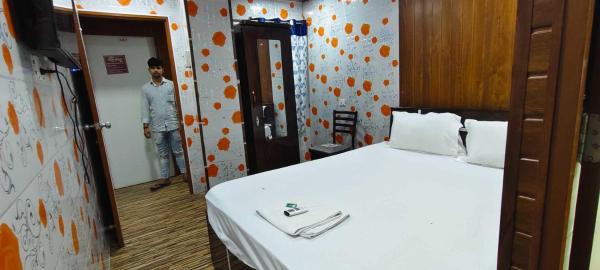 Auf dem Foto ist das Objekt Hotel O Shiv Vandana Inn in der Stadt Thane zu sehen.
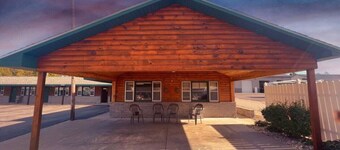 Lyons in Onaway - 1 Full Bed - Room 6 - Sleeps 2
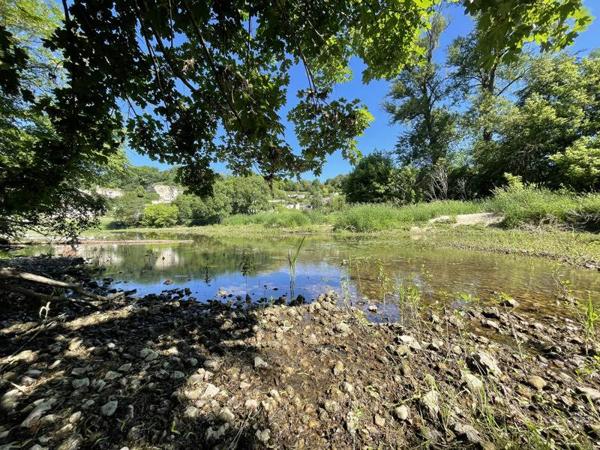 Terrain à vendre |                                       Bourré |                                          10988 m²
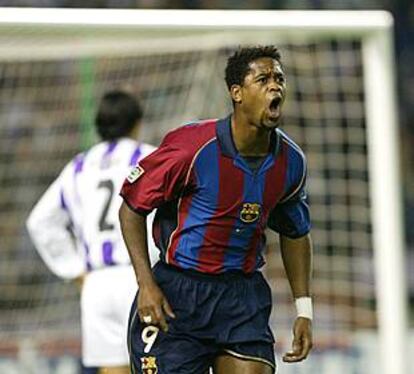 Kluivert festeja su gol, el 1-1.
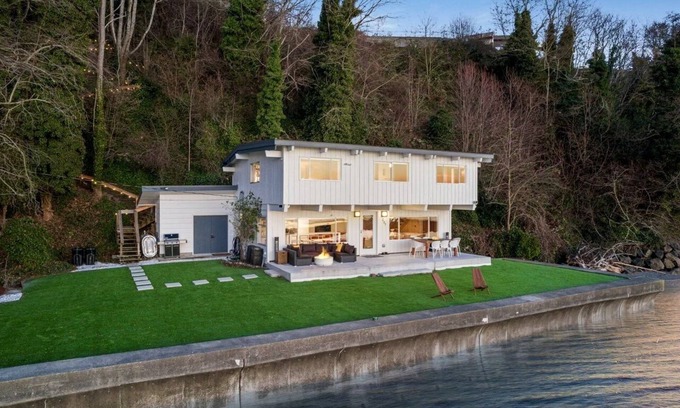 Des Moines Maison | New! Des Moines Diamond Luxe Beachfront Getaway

────

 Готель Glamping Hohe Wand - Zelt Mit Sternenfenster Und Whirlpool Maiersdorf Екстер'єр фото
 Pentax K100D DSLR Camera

────

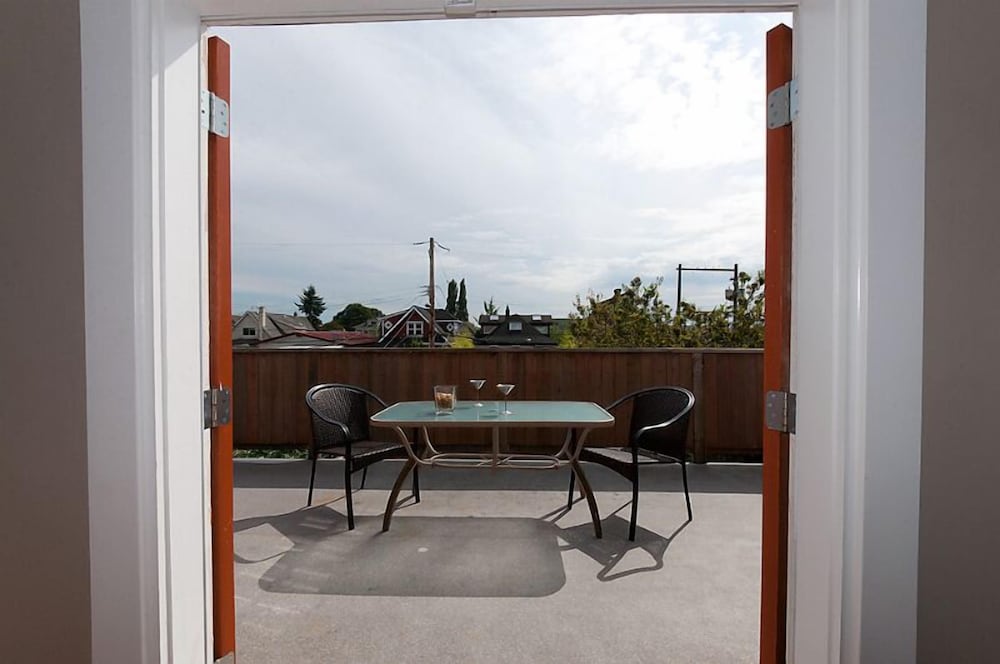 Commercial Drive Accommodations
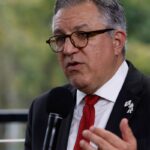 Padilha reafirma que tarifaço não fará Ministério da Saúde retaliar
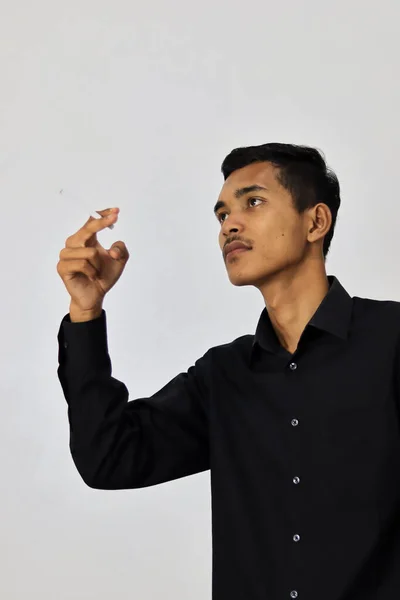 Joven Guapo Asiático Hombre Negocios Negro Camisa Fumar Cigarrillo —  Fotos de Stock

────

### What is being asked
Return word for word the lines of the listing above, starting at the line with "Terrain à vendre" and ending at the line with "Des Moines Maison", both included. Pictures do not belong in the copy.

### Exercise solution
 Terrain à vendre |                                       Bourré |                                          10988 m²
 Kluivert festeja su gol, el 1-1.
 Des Moines Maison | New! Des Moines Diamond Luxe Beachfront Getaway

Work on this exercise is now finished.